After taking a class at Bourbon and Branch on molecular gastronomy cocktails, we ended up at the shiny new, gloriously-tiki-ed-out Zombie Village in San Francisco. We started chatting with the bartender (Doc Parks) who ended up being a bit of a mini-celebrity in the tiki world. At any rate, I had a sudden flash of inspiration and asked for a Rumfire negroni. He thought about it for a second and advised me to split the base with another quieter rum. The result was brilliant.

Bartender extraordinaire! Doc Parks @ Zombie Village
The split based rumfire negroni that Doc made me
x is inversely proportional to y, in which
x = Number of selfies discovered on phone the next morning
y = Sobriety that night

The other day, hankering for one of those again, I decided to follow his advice and split the base. I also substituted dry vermouth for sweet vermouth, since I found the rum sweet enough on its own. My longstanding gripe with the “rumgroni” or “Jamaican Negroni”, where the gin is simply subbed out for the rum, is that it becomes too sweet.

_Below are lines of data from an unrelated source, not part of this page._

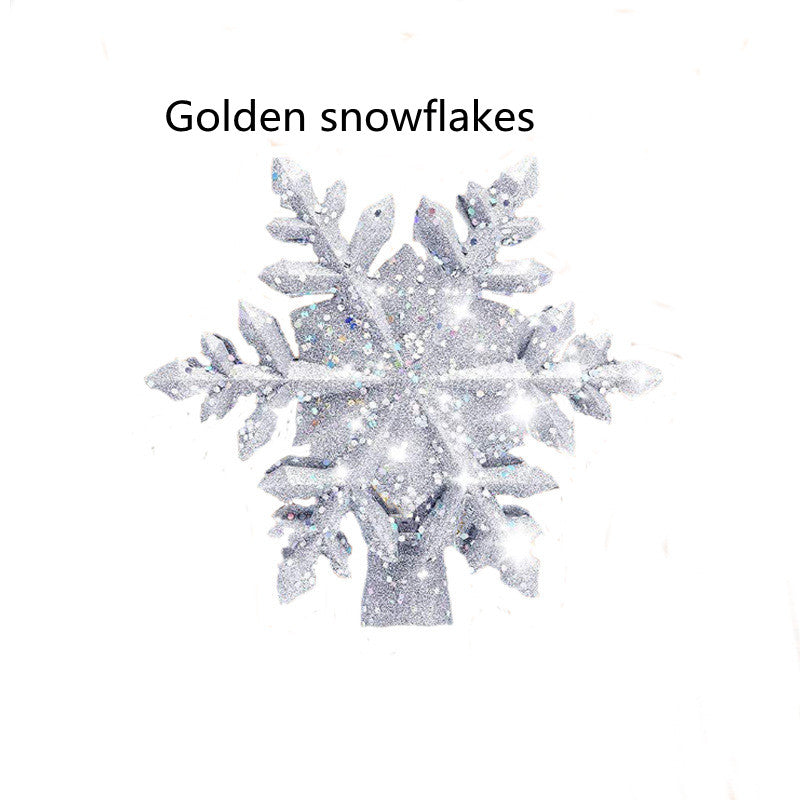 3D LED Christmas Tree Topper Star | Snowflake Projector | Glitter Silver & Gold | Rotating Light | Home Xmas Decoration | Michan Direct
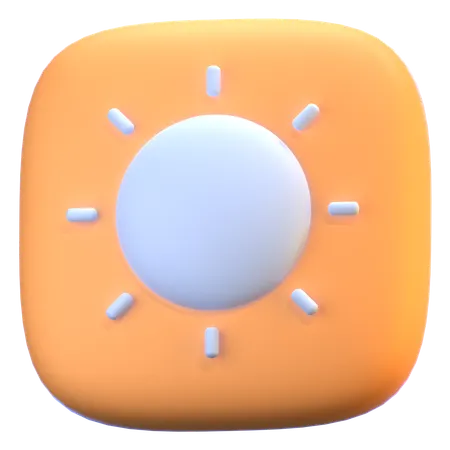 Brightness  3D Icon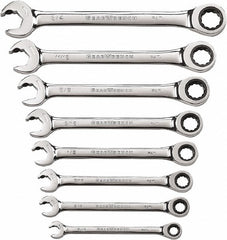 GEARWRENCH Gearwrench 85599 Ratcheting Combo Wrench Set 8 Pc Sae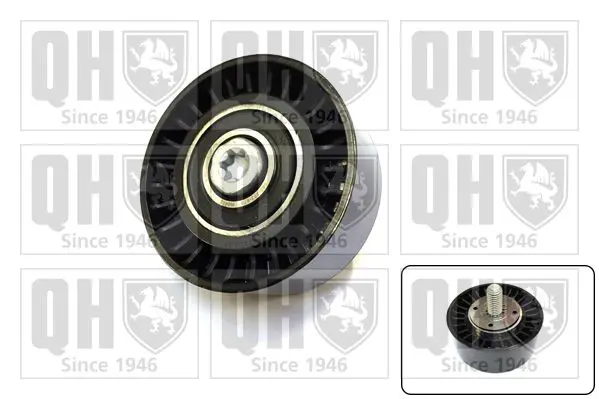 Handler.Part Deflection/guide pulley, timing belt QUINTON HAZELL QTT1244 1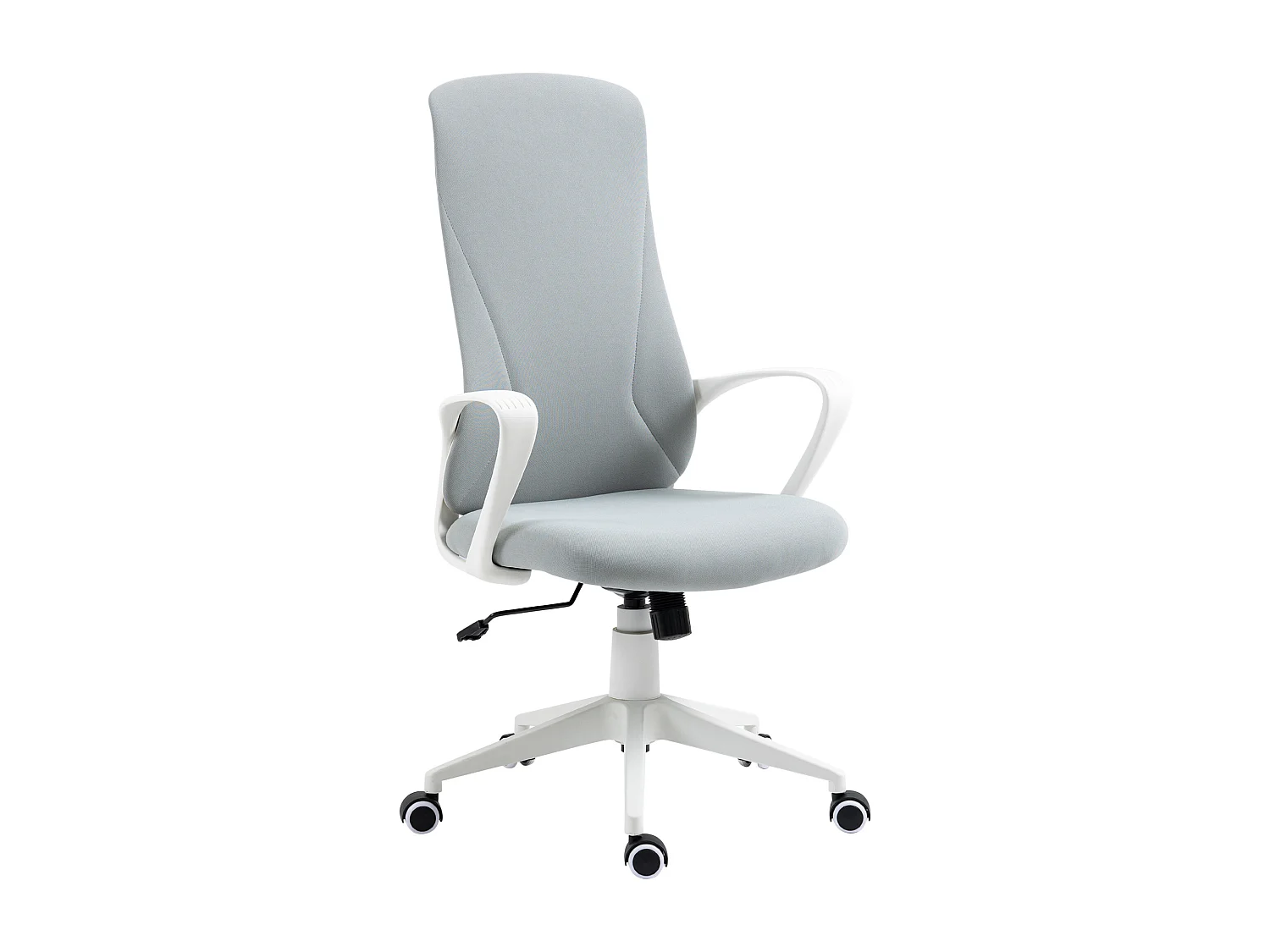 Chaise bureau ergonomique tissu gris réglable pivotante pour bureau et home-office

Initially, we went without the Banane du Bresil, but ended up adding just a splash (0.25 oz) to add an extra layer of complexity to it. Plus, it smells really yummy with the Giffard. But in case you don’t have it, just know that the drink tastes remarkable without the Giffard as well. It is simply an extra flourish.

Rumfire split based negroni. Funky!


  • 0.75 oz Rumfire
  • 0.75 oz Dark Rum (El Dorado 5 is a good choice; we used Ron Santiago 12 in this one. You want something sweet to offset the rumfire)
  • 1 oz Dry Vermouth (we used Dolin)
  • 1 oz Campari
  • 0.25 oz Giffard’s Banane du Bresil




  • Mix and strain onto a rock
  • Don’t garnish it because you are lazy and impatient.